The Miami Model: Paramilitaries, Embedded Journalists and Illegal Protests. Think This is Iraq? It's Your Country



FONTE: Znet

By Jeremy Scahill

MIAMI--We were loading our video equipment into the trunk of our car when a
fleet of bicycle cops sped up and formed a semi-circle around us. The lead
cop was none other than Miami Police Chief John Timoney. The former Police
Commissioner of Philadelphia Timoney has a reputation for brutality and
hatred of protesters of any kind. He calls them "punks," "knuckleheads" and
a whole slew of expletives. He coordinated the brutal police response to the
mass-protests at the Republican National Convention in Philadelphia in 2000.
After a brief stint in the private sector, Timoney took the post of Miami
police chief as part of Mayor Manny Diaz's efforts to "clean up the
department."

We had watched him the night before on the local news in Miami praising his
men for the restraint they had shown in the face of violent anarchists
intent on destroying the city. In reality, the tens of thousands who
gathered in Miami to protest the ministerial meetings of the Free Trade Area
of the Americas summit were seeking to peacefully demonstrate against what
they consider to be a deadly expansion of NAFTA and US-led policies of free
trade. There were environmental groups, labor unions, indigenous activists
from across the hemisphere, church groups, grassroots organizations,
students and many others in the streets. What they encountered as they
assembled outside the gates to the building housing the FTAA talks was
nothing short of a police riot. It only took a few hours last Thursday
before downtown Miami looked like a city under martial law.

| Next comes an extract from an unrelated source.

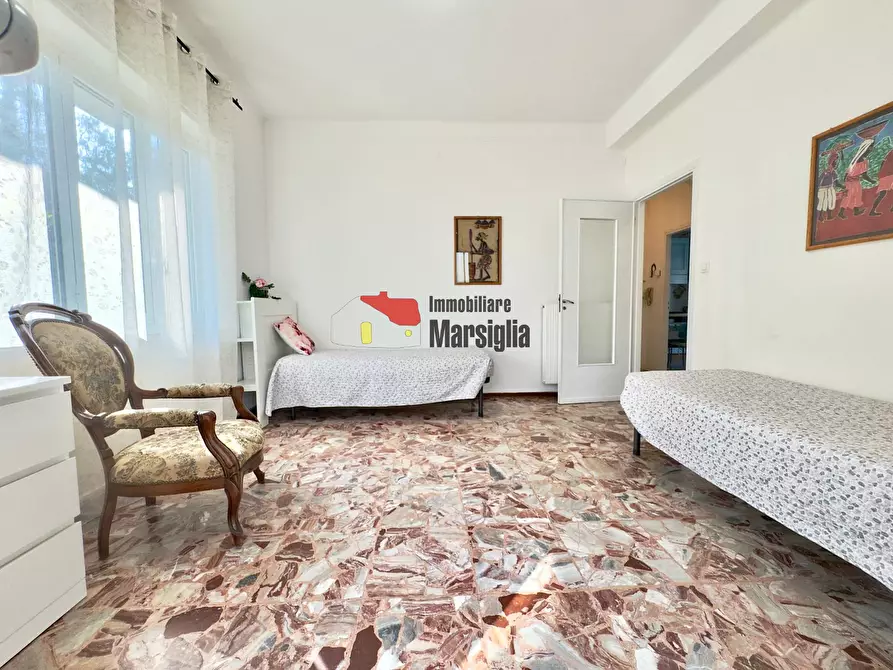 Immagine 4 di Bilocale in vendita  in Corso degli Inglesi 620 a San Remo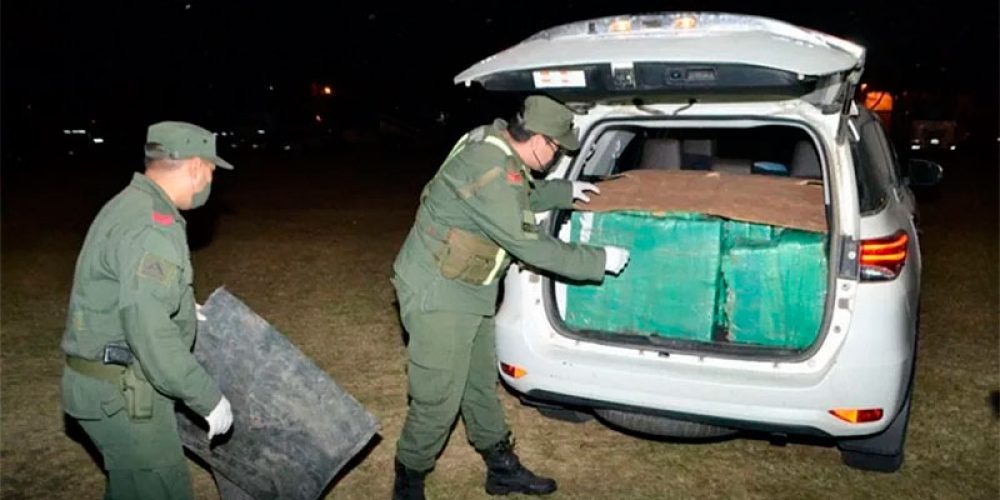 Abandonó un vehículo con 700 kilos de droga: su valor ronda $100 millones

On the news, Chief Timoney spoke in sober tones about the tear gas that
demonstrators fired at his officers. No, that is not a typo. Timoney said
the protesters were the ones launching the tear gas. He also said the
demonstrators had hurled "missiles" at the police. "I got a lot of tear
gas," Timoney said. "We all got gassed. They were loaded to the hilt. A lot
of missiles, bottles, rocks, tear gas from the radicals."

Seeing Timoney up close and personal evokes this image of Mayor Daley at the
'68 Democratic Convention ordering his men to shoot protesters on sight. He
is that kind of guy.

Back at our car, Timoney hopped off his bike as a police cameraman recorded
his every move. It all had the feel of being on an episode of COPS. He
demanded the license and registration for the car. Our colleague Norm
Stockwell of community radio station WORT in Madison, Wisconsin gave him his
license. We informed him we were journalists. One of his men grabbed Norm's
press pass, looking it over as though it was a fake. They looked at all of
us with nasty snares before getting back on their bikes and preparing to
continue on to further protect Miami. Timoney gave us this look that said,
you got away this time but I'll be back. You could tell he was pissed off
that we weren't anarchists (as far as he knew).

As Timoney was talking with his men, one of the guys on the bikes approached
us with a notepad. "Can I have your names?" he asked.

I thought he was a police officer preparing a report. He had on a Miami
police polo shirt, just like Timoney's. He had a Miami police bike helmet,
just like Timoney's. He had a bike, just like Timoney's. In fact there was
only one small detail that separated him from Timoney-a small badge around
his neck identifying him as a reporter with the Miami Herald. He was
embedded with Chief Timoney.

That reporter was one of dozens who were embedded with the Miami forces
(it's hard to call them police), deployed to protect the FTAA ministerial
meetings from thousands of unarmed protesters. In another incident, we saw a
Miami Herald photographer who had somehow gotten pushed onto the "protesters
side" of a standoff with the police. He was behind a line of young kids who
had locked arms to try and prevent the police from advancing and attacking
the crowds outside of the Inter-Continental Hotel. He was shouting at the
kids to move so he could get back to the safe side. The protesters ignored
him and continued with their blockade.

The photographer grew angrier and angrier before he began hitting one of the
young kids on the line. He punched him in the back of the head before other
journalists grabbed him and calmed him down. His colleagues seemed shocked
at the conduct. He was a big, big guy and was wearing a bulletproof vest and
a police issued riot helmet, but I really think he was scared of the skinny,
dreadlocked bandana clad protesters. He had this look of panic on his face,
like he had been in a scuffle with the Viet Cong.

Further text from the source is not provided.